● **Aim of the task**: Count how many lines in the following data hold the word "Edition". Your answer is the number and nothing else.

• • •

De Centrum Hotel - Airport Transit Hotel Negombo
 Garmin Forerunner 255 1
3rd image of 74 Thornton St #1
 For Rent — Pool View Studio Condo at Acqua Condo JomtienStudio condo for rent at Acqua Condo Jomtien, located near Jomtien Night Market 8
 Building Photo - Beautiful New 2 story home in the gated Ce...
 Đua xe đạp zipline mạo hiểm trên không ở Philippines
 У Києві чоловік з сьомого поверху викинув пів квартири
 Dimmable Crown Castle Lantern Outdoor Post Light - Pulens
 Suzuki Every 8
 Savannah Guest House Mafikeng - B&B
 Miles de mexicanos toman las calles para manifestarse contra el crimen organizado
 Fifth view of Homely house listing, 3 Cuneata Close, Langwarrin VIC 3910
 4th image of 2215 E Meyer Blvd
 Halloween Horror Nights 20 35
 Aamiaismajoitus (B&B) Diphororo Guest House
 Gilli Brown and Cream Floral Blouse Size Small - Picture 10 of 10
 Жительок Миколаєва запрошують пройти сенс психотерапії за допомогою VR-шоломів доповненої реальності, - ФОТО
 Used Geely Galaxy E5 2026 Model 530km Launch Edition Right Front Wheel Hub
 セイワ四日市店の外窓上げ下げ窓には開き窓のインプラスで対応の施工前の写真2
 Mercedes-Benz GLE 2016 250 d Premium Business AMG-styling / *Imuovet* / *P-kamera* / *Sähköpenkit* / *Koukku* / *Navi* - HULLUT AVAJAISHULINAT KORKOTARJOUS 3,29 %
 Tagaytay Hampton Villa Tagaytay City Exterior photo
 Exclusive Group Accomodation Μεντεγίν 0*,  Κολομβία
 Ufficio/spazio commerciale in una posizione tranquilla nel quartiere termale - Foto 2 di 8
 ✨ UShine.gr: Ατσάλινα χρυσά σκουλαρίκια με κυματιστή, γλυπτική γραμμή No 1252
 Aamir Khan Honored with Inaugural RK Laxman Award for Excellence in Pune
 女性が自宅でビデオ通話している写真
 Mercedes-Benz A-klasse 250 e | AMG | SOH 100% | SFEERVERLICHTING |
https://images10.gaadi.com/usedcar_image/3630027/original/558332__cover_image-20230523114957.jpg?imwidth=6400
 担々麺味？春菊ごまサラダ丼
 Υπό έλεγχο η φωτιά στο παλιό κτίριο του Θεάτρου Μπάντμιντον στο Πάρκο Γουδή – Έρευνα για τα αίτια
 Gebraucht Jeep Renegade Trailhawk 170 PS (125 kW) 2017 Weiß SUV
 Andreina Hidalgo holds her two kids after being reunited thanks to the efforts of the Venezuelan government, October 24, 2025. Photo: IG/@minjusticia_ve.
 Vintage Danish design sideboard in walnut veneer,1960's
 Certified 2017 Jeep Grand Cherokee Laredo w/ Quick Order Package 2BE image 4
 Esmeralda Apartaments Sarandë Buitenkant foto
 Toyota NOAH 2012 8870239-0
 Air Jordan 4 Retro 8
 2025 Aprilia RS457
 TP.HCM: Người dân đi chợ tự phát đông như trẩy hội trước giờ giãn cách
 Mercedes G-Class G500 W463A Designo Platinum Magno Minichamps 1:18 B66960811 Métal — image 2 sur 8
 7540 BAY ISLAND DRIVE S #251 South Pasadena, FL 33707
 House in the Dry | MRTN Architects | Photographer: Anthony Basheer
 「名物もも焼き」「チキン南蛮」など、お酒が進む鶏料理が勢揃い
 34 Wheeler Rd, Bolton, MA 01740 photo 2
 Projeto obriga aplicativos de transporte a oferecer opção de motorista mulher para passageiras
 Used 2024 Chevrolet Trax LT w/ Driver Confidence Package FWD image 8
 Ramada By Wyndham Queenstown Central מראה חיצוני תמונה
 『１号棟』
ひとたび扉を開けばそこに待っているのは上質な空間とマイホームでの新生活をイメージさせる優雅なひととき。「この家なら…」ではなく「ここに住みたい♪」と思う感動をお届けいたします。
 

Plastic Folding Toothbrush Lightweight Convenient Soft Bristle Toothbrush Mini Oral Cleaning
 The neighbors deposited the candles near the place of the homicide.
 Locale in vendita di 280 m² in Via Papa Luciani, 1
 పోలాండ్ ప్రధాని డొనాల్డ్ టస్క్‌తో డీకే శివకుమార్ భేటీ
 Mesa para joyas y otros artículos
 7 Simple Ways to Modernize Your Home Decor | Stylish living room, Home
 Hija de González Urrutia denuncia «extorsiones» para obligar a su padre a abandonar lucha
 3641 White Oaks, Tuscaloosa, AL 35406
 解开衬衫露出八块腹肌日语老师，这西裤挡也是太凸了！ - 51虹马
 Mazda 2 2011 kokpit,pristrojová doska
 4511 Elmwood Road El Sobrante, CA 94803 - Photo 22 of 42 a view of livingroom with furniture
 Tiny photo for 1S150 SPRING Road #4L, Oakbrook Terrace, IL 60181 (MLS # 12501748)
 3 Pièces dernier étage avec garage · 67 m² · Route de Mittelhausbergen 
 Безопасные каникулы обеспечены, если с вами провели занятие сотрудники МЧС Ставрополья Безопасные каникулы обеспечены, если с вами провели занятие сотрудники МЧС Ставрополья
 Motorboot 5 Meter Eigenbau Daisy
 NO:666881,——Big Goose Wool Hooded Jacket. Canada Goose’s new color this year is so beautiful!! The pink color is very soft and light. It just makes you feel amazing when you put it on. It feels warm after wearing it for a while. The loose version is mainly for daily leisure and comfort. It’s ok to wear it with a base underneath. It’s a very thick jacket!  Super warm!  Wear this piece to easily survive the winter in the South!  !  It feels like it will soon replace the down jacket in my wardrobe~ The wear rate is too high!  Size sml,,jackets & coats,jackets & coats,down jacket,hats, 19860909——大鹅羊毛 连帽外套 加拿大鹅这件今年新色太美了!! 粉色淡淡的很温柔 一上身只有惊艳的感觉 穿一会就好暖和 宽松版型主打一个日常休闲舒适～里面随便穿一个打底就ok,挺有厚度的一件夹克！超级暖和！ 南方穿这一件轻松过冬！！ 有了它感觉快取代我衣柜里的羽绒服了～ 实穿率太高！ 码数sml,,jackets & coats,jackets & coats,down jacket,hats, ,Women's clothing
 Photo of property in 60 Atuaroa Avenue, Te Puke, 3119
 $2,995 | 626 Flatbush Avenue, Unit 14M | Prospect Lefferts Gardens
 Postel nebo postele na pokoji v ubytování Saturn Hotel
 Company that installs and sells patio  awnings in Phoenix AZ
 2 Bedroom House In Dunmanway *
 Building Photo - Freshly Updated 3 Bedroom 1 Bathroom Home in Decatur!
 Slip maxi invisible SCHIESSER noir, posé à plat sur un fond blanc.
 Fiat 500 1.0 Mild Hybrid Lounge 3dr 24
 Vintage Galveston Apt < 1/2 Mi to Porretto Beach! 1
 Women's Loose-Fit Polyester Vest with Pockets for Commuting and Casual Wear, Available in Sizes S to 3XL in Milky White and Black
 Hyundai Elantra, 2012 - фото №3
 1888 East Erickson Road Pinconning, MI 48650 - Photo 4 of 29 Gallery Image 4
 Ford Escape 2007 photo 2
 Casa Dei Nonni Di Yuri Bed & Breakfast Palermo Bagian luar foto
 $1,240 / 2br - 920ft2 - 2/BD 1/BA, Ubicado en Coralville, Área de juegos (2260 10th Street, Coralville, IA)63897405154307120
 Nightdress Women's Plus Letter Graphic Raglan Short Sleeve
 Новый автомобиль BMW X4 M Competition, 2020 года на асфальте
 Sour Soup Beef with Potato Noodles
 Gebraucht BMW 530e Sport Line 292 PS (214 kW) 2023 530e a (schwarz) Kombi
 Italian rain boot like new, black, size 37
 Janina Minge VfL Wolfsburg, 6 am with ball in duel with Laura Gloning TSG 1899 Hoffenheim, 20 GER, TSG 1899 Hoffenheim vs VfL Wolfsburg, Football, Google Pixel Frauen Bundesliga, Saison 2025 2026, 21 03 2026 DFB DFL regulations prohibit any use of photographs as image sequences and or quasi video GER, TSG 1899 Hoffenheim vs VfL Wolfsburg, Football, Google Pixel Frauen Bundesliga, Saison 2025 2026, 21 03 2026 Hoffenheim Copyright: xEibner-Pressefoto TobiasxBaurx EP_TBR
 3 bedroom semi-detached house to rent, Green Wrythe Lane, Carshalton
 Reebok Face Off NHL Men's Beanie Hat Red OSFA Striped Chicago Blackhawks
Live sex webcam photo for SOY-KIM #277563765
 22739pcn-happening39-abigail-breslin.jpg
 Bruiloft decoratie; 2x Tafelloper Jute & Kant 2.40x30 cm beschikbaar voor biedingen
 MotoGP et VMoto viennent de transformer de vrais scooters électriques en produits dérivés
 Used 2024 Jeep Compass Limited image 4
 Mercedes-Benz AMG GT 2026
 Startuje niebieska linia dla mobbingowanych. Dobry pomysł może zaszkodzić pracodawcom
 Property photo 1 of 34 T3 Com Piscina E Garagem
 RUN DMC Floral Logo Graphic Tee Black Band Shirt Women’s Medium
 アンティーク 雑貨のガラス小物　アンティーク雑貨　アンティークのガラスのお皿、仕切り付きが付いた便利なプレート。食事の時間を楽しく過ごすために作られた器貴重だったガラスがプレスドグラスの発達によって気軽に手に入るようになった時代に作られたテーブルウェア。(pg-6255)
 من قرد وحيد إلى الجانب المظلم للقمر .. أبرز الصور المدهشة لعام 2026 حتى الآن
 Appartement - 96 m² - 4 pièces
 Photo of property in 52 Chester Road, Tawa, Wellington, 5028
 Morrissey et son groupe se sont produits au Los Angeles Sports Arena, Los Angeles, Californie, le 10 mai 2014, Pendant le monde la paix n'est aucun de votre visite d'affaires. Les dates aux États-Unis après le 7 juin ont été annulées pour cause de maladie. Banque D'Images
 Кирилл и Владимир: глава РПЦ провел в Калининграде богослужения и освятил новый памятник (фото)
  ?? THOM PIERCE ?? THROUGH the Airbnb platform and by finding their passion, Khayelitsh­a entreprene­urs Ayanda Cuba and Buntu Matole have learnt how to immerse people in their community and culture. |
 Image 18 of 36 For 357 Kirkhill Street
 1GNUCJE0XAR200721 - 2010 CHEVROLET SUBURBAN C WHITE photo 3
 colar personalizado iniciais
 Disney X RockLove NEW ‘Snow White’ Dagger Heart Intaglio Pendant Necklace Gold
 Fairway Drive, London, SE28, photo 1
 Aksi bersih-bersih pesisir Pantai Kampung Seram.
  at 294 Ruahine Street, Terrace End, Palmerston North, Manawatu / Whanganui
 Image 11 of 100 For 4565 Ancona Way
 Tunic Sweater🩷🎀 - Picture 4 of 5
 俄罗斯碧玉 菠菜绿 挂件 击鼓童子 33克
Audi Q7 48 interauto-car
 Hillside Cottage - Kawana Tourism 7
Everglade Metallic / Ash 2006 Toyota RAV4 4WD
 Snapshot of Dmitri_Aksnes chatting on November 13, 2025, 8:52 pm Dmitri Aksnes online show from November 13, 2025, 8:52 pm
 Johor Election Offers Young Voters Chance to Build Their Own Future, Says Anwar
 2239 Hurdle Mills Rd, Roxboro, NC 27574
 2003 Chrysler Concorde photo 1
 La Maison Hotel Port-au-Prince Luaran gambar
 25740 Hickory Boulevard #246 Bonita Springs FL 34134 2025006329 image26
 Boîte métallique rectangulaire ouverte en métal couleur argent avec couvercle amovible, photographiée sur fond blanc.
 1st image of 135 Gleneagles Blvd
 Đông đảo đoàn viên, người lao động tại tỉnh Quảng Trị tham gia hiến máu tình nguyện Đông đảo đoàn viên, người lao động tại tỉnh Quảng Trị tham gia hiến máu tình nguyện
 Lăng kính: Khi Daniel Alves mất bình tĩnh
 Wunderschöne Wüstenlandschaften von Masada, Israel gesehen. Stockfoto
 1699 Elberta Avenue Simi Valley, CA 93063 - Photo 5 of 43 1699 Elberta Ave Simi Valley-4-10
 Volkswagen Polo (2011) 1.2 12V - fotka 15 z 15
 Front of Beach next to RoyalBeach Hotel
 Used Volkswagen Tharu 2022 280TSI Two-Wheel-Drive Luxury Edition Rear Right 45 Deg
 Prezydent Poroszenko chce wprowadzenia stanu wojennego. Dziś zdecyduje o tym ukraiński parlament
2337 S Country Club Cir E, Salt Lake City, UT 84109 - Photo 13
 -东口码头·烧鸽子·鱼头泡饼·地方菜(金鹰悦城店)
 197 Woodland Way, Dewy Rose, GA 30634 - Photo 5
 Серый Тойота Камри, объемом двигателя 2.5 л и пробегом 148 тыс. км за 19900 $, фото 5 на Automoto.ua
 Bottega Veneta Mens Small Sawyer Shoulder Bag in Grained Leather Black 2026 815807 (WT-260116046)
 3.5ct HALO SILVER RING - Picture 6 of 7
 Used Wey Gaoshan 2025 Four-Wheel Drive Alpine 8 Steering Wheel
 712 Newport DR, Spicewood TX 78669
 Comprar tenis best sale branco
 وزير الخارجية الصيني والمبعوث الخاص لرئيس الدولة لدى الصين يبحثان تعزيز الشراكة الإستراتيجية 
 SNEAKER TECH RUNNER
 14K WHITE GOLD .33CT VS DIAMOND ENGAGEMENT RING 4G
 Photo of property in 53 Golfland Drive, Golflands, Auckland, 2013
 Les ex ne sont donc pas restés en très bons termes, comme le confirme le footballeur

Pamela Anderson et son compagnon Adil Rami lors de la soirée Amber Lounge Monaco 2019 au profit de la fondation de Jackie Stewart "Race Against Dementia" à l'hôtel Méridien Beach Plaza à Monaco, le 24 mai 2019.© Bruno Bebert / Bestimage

• • •

● **Response**: 2